Every db_* command accepting a SQL command as an argument now supports bind variables. You can either

  • specify the -bind switch to provide a set with bind variable values, or
  • specify the -bind switch to explicitly provide a list of bind variable names and values, or
  • not specify a bind variable list at all, in which case Tcl variables are used as bind variables.
The default behavior (i.e., if the -bind switch is omitted) is that these procedures expect to find local variables that correspond in name to the referenced bind variables, e.g.:
set user_id 123456
set role "administrator"

db_foreach user_group_memberships_by_role {
    select g.group_id, g.group_name
    from user_groups g, user_group_map map
    where g.group_id = map.user_id
    and map.user_id = :user_id
    and map.role = :role
} {
    # do something for each group of which user 123456 is in the role
    # of "administrator"
}
The value of the local Tcl variable user_id (123456) is bound to the user_id bind variable.

The -bind switch can takes the name of an ns_set containing keys for each bind variable named in the query, e.g.:

set bind_vars [ns_set create]
ns_set put $bind_vars user_id 123456
ns_set put $bind_vars role "administrator"

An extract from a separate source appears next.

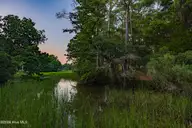 8920 Oyster Court SW, Sunset Beach, NC 28468 — waterfront lot, Sunset Beach, NC, photo 11 of 25
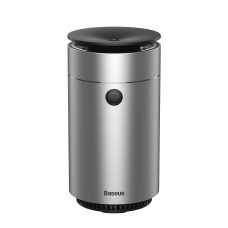 Baseus DHSG-0S Time Aromatherapy machine humidifier 75ml Silver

db_foreach user_group_memberships_by_role {
    select g.group_id, g.group_name
    from user_groups g, user_group_map map
    where g.group_id = map.user_id
    and map.user_id = :user_id
    and map.role = :role
} -bind $bind_vars {
    # do something for each group in which user 123456 has the role
    # of "administrator"
}
Alternatively, as an argument to -bind you can specify a list of alternating name/value pairs for bind variables:
db_foreach user_group_memberships_by_role {
    select g.group_id, g.group_name
    from user_groups g, user_group_map map
    where g.group_id = map.user_id
    and map.user_id = :user_id
    and map.role = :role
} -bind [list user_id 123456 role "administrator"] {
    # do something for each group in which user 123456 has the role
    # of "administrator"
}

SQL Abstraction

We now require that each SQL statement be assigned a logical name for the statement that is unique to the procedure or page in which it is defined. This is so that (eventually) we can implement logically named statements with alternative SQL for non-Oracle databases (e.g., Postgres). More on this later.

Nulls and Bind Variables

When processing a DML statement, Oracle coerces empty strings into null. (This coercion does not occur in the WHERE clause of a query, i.e. col = '' and col is null are not equivalent.)

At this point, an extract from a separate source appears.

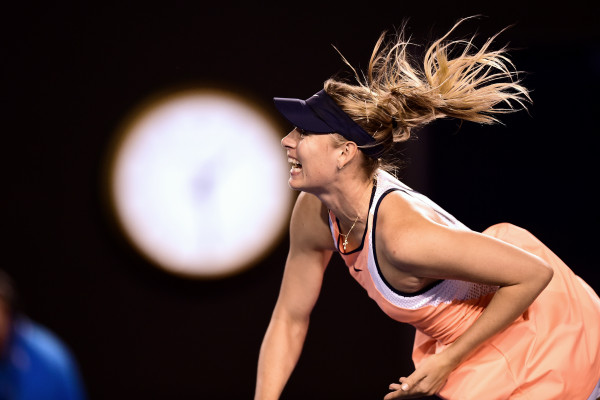 Maria Sharapova pic #862506
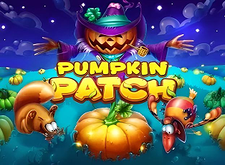Pumpkin Patch logo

As a result, when using bind variables, the only way to make Oracle set a column value to null is to set the corresponding bind variable to the empty string, since a bind variable whose value is the string "null" will be interpreted as the literal string "null".

These Oracle quirks complicate the process of writing clear and abstract DML difficult. Here is an example that illustrates why:

#
# Given the table:
#
#   create table foo (
#           bar        integer,
#           baz        varchar(10)
#   );
#

set bar ""
set baz ""

db_dml foo_create "insert into foo(bar, baz) values(:bar, :baz)"
#
# the values of the "bar" and "baz" columns in the new row are both
# null, because Oracle has coerced the empty string (even for the
# numeric column "bar") into null in both cases
Since databases other than Oracle do not coerce empty strings into null, this code has different semantics depending on the underlying database (i.e., the row that gets inserted may not have null as its column values), which defeats the purpose of SQL abstraction.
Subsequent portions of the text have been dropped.